Quanta Magazine


Quanta Magazine: Your grade school teacher probably didn’t show you how to add 20-digit numbers. But if you know how to add smaller numbers, all you need is paper and pencil and a bit of patience. Start with the ones place and work leftward step by step, and soon you’ll be stacking up quintillions with ease.

Problems like this are easy for humans, but only if we approach them in the right way. “How we humans solve these problems is not ‘stare at it and then write down the answer,’” said Eran Malach, a machine learning researcher at Harvard University. “We actually walk through the steps.”

That insight has inspired researchers studying the large language models that power chatbots like ChatGPT. While these systems might ace questions involving a few steps of arithmetic, they’ll often flub problems involving many steps, like calculating the sum of two large numbers. But in 2022, a team of Google researchers showed that asking language models to generate step-by-step solutions enabled the models to solve problems that had previously seemed beyond their reach. Their technique, called chain-of-thought prompting, soon became widespread, even as researchers struggled to understand what makes it work.

Now, several teams have explored the power of chain-of-thought reasoning by using techniques from an arcane branch of theoretical computer science called computational complexity theory. It’s the latest chapter in a line of research that uses complexity theory to study the intrinsic capabilities and limitations of language models. These efforts clarify where we should expect models to fail, and they might point toward new approaches to building them.

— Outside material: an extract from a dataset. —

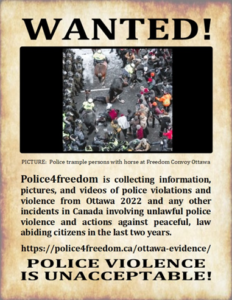 Collection of Police Violence reports from Ottawa
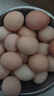 新鲜农家谷物鲜鸡蛋  现捡现发 破损包赔  营养早餐 30枚装（3斤） 实拍图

“They remove some of the magic,” said Dimitris Papailiopoulos, a machine learning researcher at the University of Wisconsin, Madison. “That’s a good thing.”

Training Transformers

Large language models are built around mathematical structures called artificial neural networks. The many “neurons” inside these networks perform simple mathematical operations on long strings of numbers representing individual words, transmuting each word that passes through the network into another. The details of this mathematical alchemy depend on another set of numbers called the network’s parameters, which quantify the strength of the connections between neurons.

To train a language model to produce coherent outputs, researchers typically start with a neural network whose parameters all have random values, and then feed it reams of data from around the internet. Each time the model sees a new block of text, it tries to predict each word in turn: It guesses the second word based on the first, the third based on the first two, and so on. It compares each prediction to the actual text, then tweaks its parameters to reduce the difference. Each tweak only changes the model’s predictions a tiny bit, but somehow their collective effect enables a model to respond coherently to inputs it has never seen.

Researchers have been training neural networks to process language for 20 years. But the work really took off in 2017, when researchers at Google introduced a new kind of network called a transformer.

“This was proposed seven years ago, which seems like prehistory,” said Pablo Barceló, a machine learning researcher at the Pontifical Catholic University of Chile.

What made transformers so transformative is that it’s easy to scale them up — to increase the number of parameters and the amount of training data — without making training prohibitively expensive. Before transformers, neural networks had at most a few hundred million parameters; today, the largest transformer-based models have more than a trillion. Much of the improvement in language-model performance over the past five years comes from simply scaling up.

Transformers made this possible by using special mathematical structures called attention heads, which give them a sort of bird’s-eye view of the text they’re reading. When a transformer reads a new block of text, its attention heads quickly scan the whole thing and identify relevant connections between words — perhaps noting that the fourth and eighth words are likely to be most useful for predicting the 10th. Then the attention heads pass words along to an enormous web of neurons called a feedforward network, which does the heavy number crunching needed to generate the predictions that help it learn.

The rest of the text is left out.